Implementing Good Practices
Implementing good practices can seem daunting at first, however using the guide below, this can be made much easier and often naturally results in better outcomes for organisations.
Understand the Gaps and Create a “North Star”
Understanding the gaps between the current way of operating and what good looks like is an effective way of creating a “north star” to aspire to. Using a framework such as Cevo’s DevOps Maturity Assessment (DOMA) on AWS Marketplace is a great exercise in learning where on the journey to “good” your organisation and pave the way for improving the current operational model through a DevSecOps lens – leading to implementation of good practices targeted at operational excellence. This helps you understand priorities for internal and external customers, governance and compliance requirements, the threat landscape and trade-offs.
Establish a Cloud Centre of Excellence
A lot of conjecture exists when discussing a Cloud Centre of Excellence (CCoE) as a way of bridging the gap between teams and projects and creating a cohesive view. A CCoE is most effective when there is a diverse set of skills and Subject Matter Expertise (SME) representation from multiple teams. The idea of a CCoE is to establish a governing body that focuses on cohesively building a common, opinionated and cohesive view of what the “cloud” should look like for their organisation. This inspires the team to do what is in the best interest of everyone involved. In my career I have helped in establishing and improving CCoE’s to operate efficiently and effectively with outstanding results when done well.
Building and maintaining a cloud operating model that establishes clear roles and responsibilities across an organisation is not a trivial task. It is extremely important to have an effective and concise operating model in place to succeed with operating the cloud in the most efficient and secure way possible. Establishing the CCoE using a diverse set of skills and attributes encourages cross-team collaboration and ensures decisions made are evaluated against risk and with an informed opinion.
Automate, Automate, Automate
Consider where processes can be automated and work on implementing automation into the deployment and ongoing maintenance of solutions. A lot of operational maintenance (such as inventory reporting, Common Vulnerabilities and Exploits (CVE) reporting, patching and remote access) can be achieved using an effective implementation of native AWS services. These services include:
- AWS Systems Manager
- Elastic Container Registry (ECR) with Enhanced Scanning turned on
- Leveraging ECR continuous patching
- Elastic Kubernetes Service (EKS)
- Elastic Container Service (ECS)
Automation in deployment requires well implemented integration and deployment pipelines. Your pipelines are actually your biggest asset in automation so investment in improving on these will yield very high value. Consider using solutions such as pre-commit hooks in your Continuous Integration (CI) pipelines. Git hook scripts are useful for identifying simple issues before submission to code review. Running hooks on every commit to automatically point out issues in code such as missing semicolons, trailing whitespace, and debug statements. By pointing these issues out before code review, this allows a code reviewer to focus on the architecture of a change while not wasting time with trivial style nitpicks.
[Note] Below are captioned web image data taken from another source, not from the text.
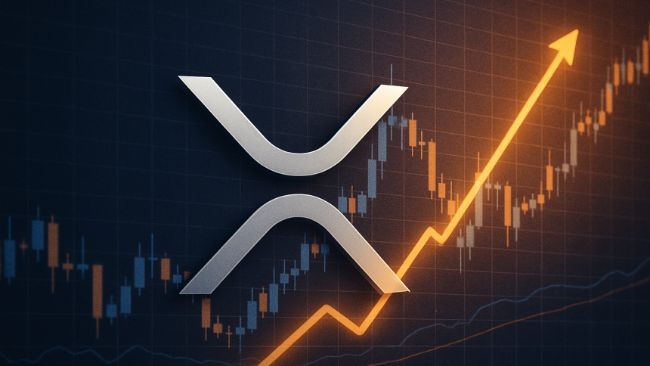 إشارة صادمة لـ XRP سبقت صعوداً بنسبة 464% آخر مرة.. هل يتكرر السيناريو؟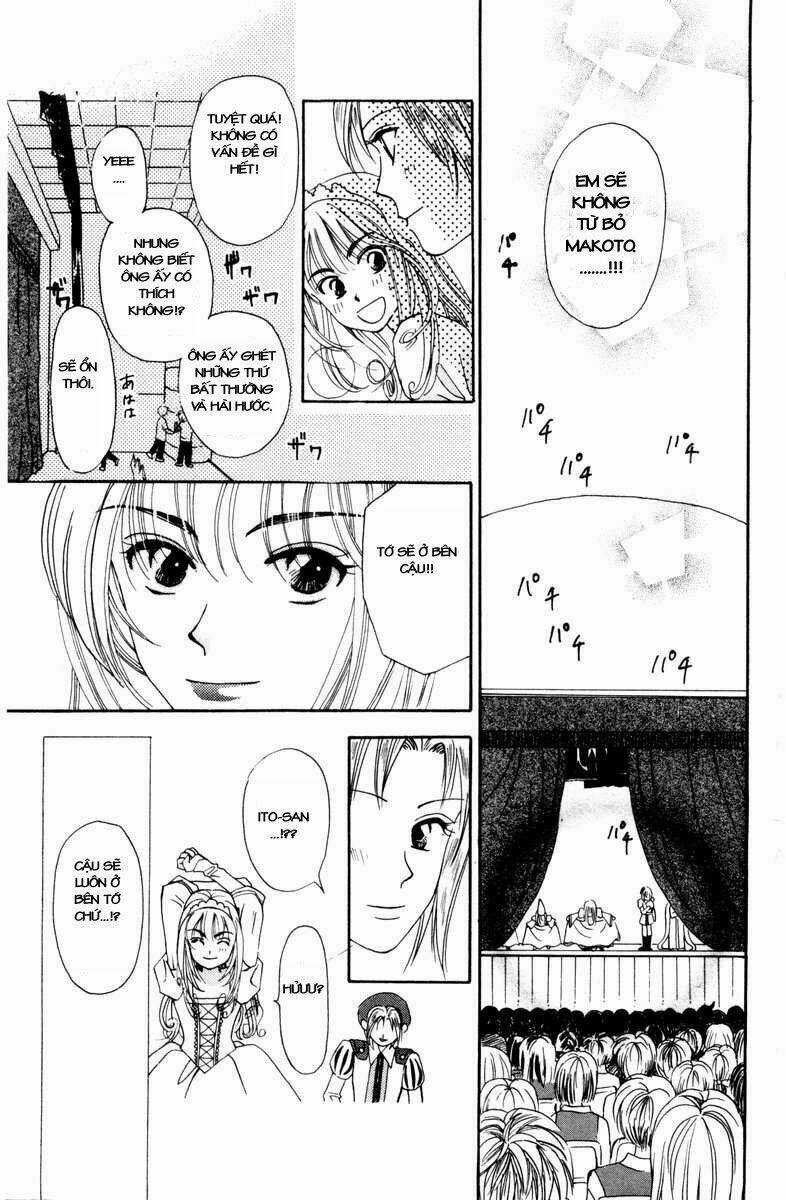 W-Julie - Chapter 3 - Trang 41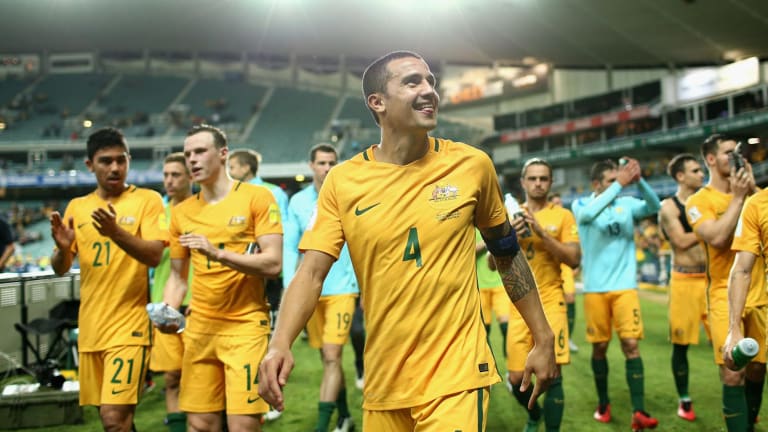 Image result for tim cahill family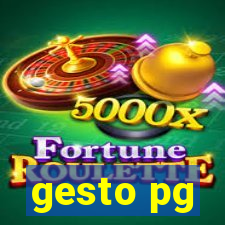 gesto pg
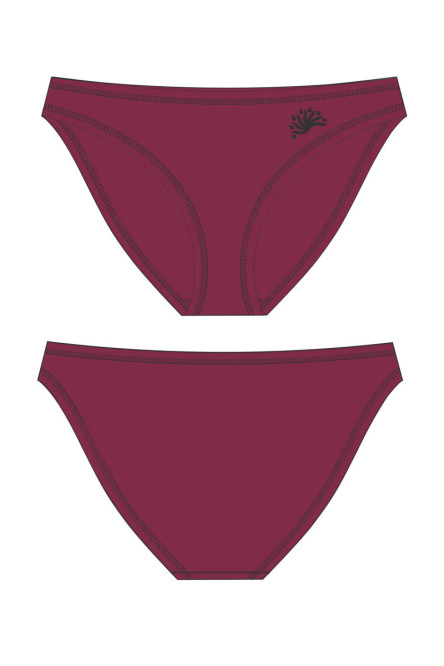 2201 труси з модалу Anabel Arto фото № 1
Running security scanning tools as part of your pipelines allows for good governance and compliance is being employed as part of moving Security “left” in your stack – Aiming for SecDevOps as opposed to DevSecOps. Using these scanning tools such as AquaSec and kube-bench as part of your release stages allows you to evaluate and be assured deployed solutions are compliant with industry standards. This is a shift towards “security by default”.
The cultural aspects of effectively operating cloud infrastructure and services is crucial. In traditional on-premise models, teams are often risk averse due to cost and resource constraints. Moving to a cloud operating model, this changes the rhetoric by allowing to “fail fast” through experimentation, pay-by-the-hour/minute/second and easier automation through Infrastructure as Code (IaC) with consolidated and comprehensive API’s. Cloud adoption (when compared to traditional models) also introduces new challenges at scale – with constant change and new services being added and deprecated at a rapid pace.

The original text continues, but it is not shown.